La première remarque qui s'impose est le caractère distinct des murs orientaux et occidentaux du transept. La partie orientale restera liée au chevet roman, même après l'achèvement de la nef et ceci se confirme à la croisée où les quatre arcs sont alignés sur trois niveaux. Nous pouvons également nous demander quelle était l'œuvre orientale susceptible d'épauler l'énorme tour lanterne de 1150 à 1240. Enfin, les hémicycles des croisillons nord et sud se raccordent fort mal avec le transept, le déambulatoire n'a pas de débouché naturel.

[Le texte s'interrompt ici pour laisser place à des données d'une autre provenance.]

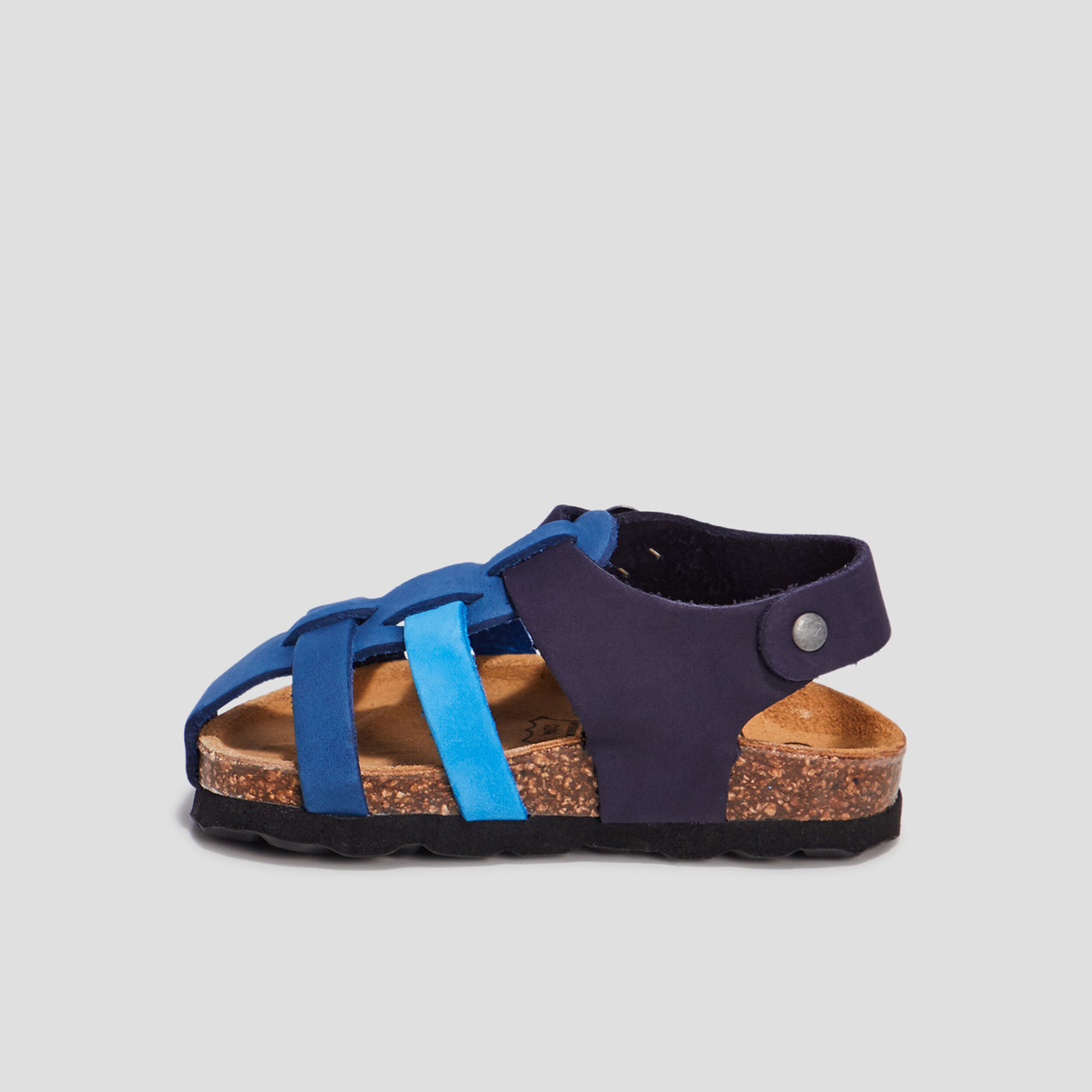 Sandales en cuir bleu marine bébé garçon | La Halle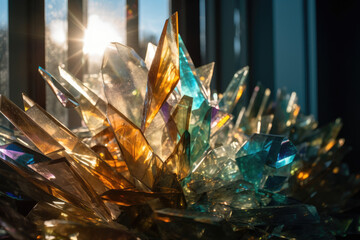 Rays of Sunlight Refracting Through a Cluster of Glass Shards, generative ai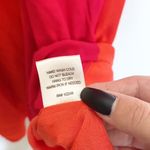 Skies Are Blue  Red Orange Colorblock Tie Front Short Sleeve V Neck Mini Dress Photo 9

D'autre part, le volume de la voûte, avec ses grosses nervures rayonnantes et ses voutins indépendants, est d'un traitement architectonique beaucoup plus évolué que celui des niveaux inférieurs. Il s'agit donc d'une reprise après mise en attente. Toutes ces observations nous suggèrent que diverses campagnes sont venues se lier sur le transept et la croisée d'un édifice antérieur et la programmation ne fut pas régulière, comme on l'a souvent supposé.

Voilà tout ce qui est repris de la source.